Shaun Harris (born March 2, 1946) is an American musician best-remembered as the bassist of the psychedelic rock band the West Coast Pop Art Experimental Band (WCPAEB). Throughout his music career, Harris worked closely with Michael Lloyd on projects outside the WCPAEB including the Rogues, California Spectrum, and Brigadune. In 1973, he recorded a self-titled solo album on Capitol Records.

==Biography==

Born in Colorado Springs, Colorado, Harris is the eldest son of symphonic composer Roy Harris. In 1962, the family moved to Los Angeles, where a year later Shaun Harris, along with his younger brother Danny, began performing in the Kim Fowley-produced surf rock band the Snowmen. In 1964, the group released the "Ski Storm" single on Challenge Records. While attending the Hollywood Professional School, the Harris brothers befriended Michael Lloyd, the leader of the rival band the Rouges. Shortly afterwards, Shaun Harris assumed the role of bass guitarist with the Rouges, and recorded the single "Wanted: Dead or Alive" for Fowley's own Living Legend record label in 1965. Another project, known as the Laughing Wind, recorded the single, "Good to Be Around" in the same year.

The Harris brothers and Lloyd recorded demos, which would later appear on the West Coast Pop Art Experimental Band's debut album Volume One in 1966. Released on the small FiFo label, Volume One was made possible thanks to Bob Markley, a former scholar of law attempting to gain fame on the Sunset Strip with the group under his command. Shaun Harris is the only band member, other than Markley, to appear on every album recorded by the WCPAEB, including the final effort credited to "Markley A Group" in 1970. Between 1967 and 1968, while the group was on hiatus, Harris and Lloyd formed the side-project, California Spectrum, which performed live and released two singles "Sassafras" and "She May Call You Up Tonight" in early 1968. Following the distribution of Markley A Group, the WCPAEB disbanded.

A year after the band's demise, Harris recorded the solo single "I'll Cry Out from My Grave (God I'm Sorry)", a rare sunshine pop record produced by Lloyd and released under the alias Brigadune. In 1973, Harris signed with Capitol Records issuing a self-titled album which boasted a country rock sound unheard of in any of his earlier work. Recorded with top session musicians from the Wrecking Crew, Beach Boy Bruce Johnston, and Lloyd, Shaun Harris was nonetheless hindered by sharing the same release date as Pink Floyd's The Dark Side of the Moon. In the 1990s, the album acquired a cult following, particular among WCPAEB fans, and was reissued on Rev-Ola Records in 2005 with the mono version of "I'll Cry Out from My Grave (God I'm Sorry)". Music critic Jason Ankeny described Shaun Harris as mainstream pop far departing from Harris's stint with the WCPAEB, but also noted its "melodies and arrangements are atypically complex and its lyrics are profoundly introspective, exploring themes of melancholy, self-doubt, and even suicide with uncommon candor".
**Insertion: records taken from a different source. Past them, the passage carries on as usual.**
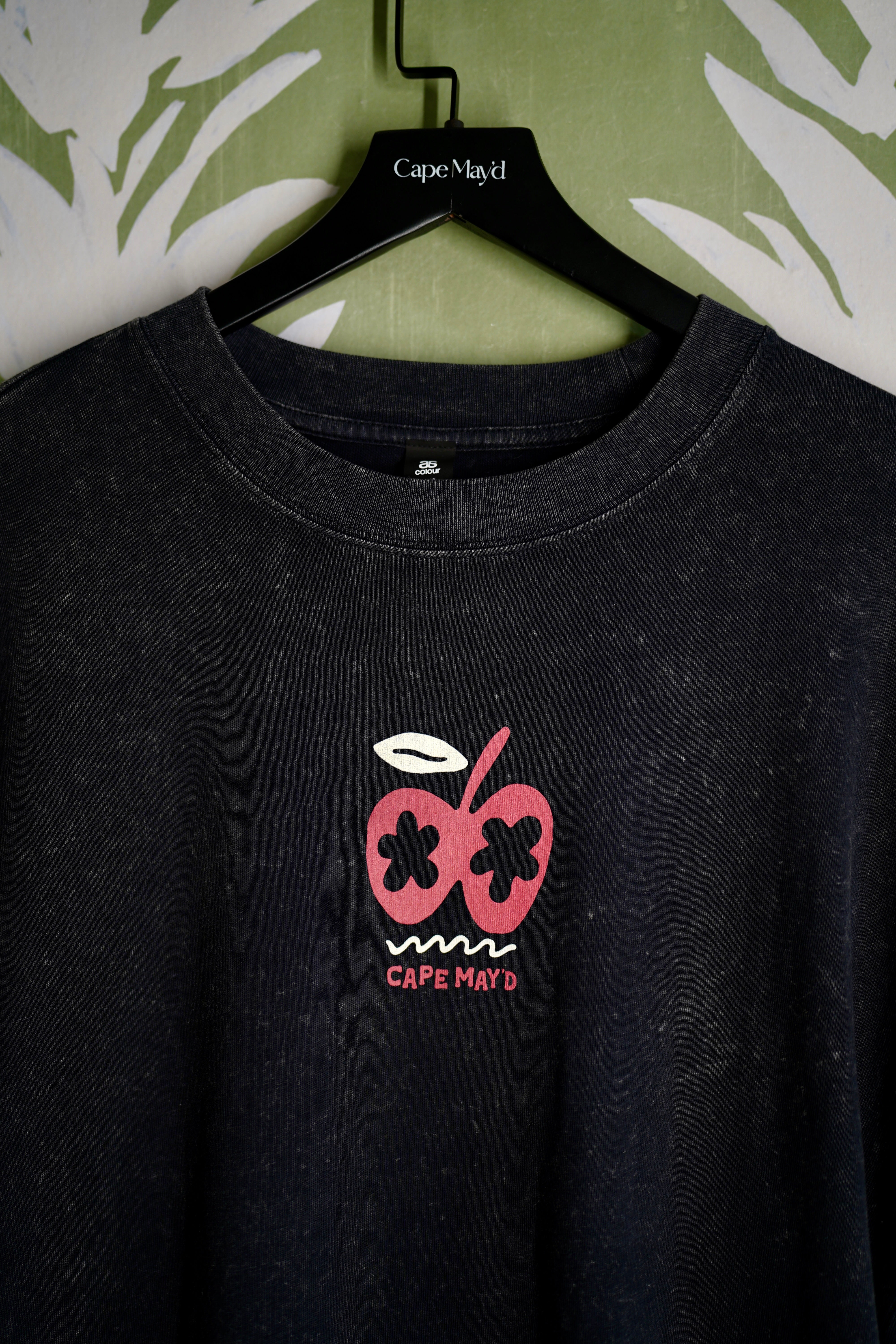 Cherry State of Mind Tee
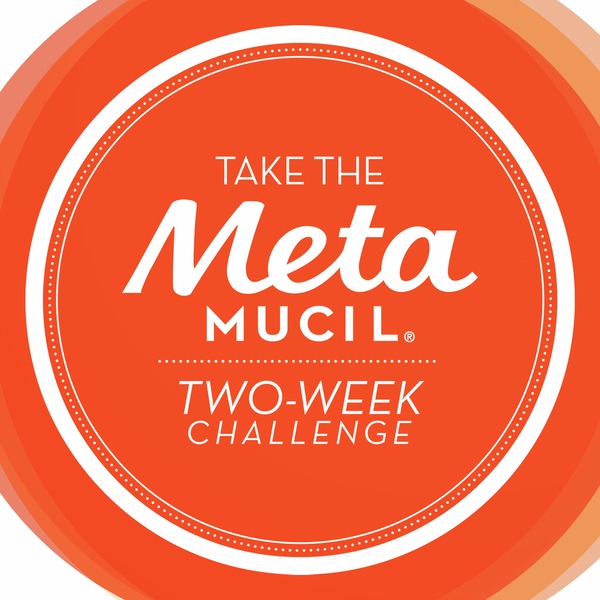 Metamucil Multi-Health Psyllium Fiber Supplement, Sugar-Free Powder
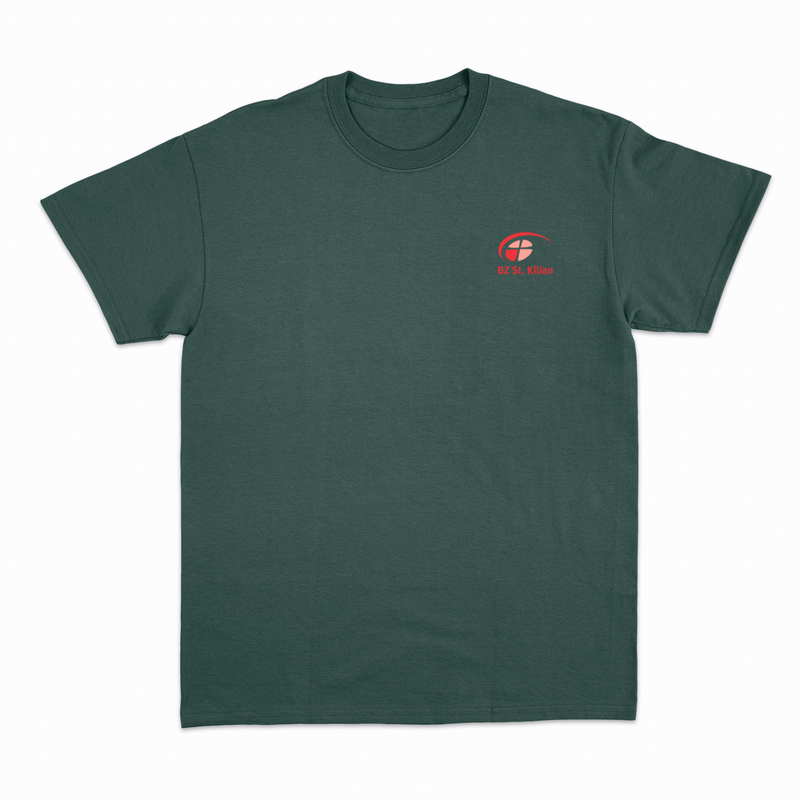 Unisex T-Shirt ,,Peter" (St. Kilian)-zoom-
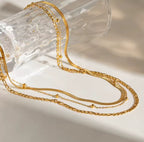 Cadena Isadora
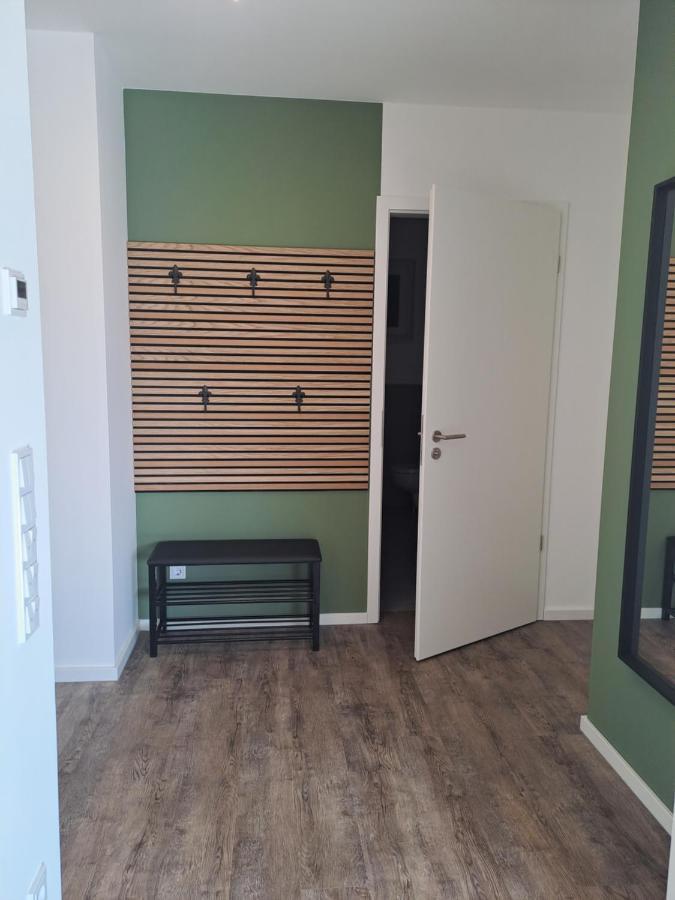 Ferienhaus Spreewaldliebe Lübben Exteriör bild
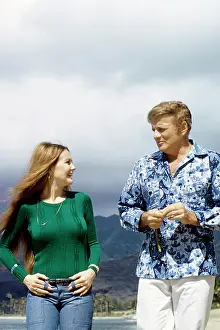 Brian Prints: THE BRIAN KEITH SHOW, (aka THE LITTLE PEOPLE)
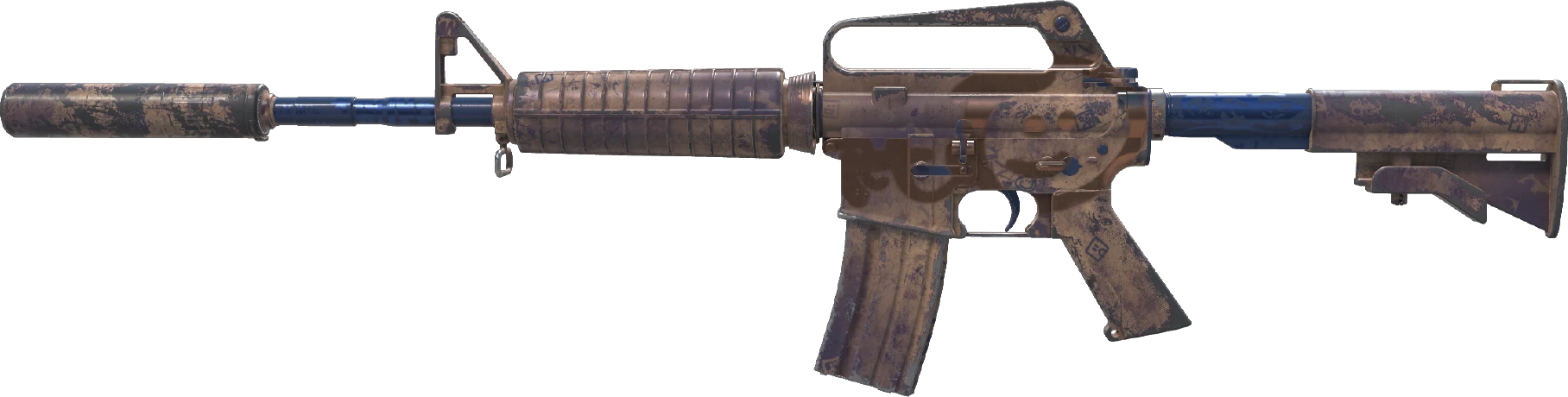 M4A1-S | Wash me plz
The poor sales of the album prompted Capitol Records to cut Harris from their roster. He reunited with Lloyd and his brother for smaller projects including Grand Concourse and Rockit, and also served as president of Barry Manilow's publishing company before retiring from music in 2004. Harris has since been living in Oregon to write a play about his life.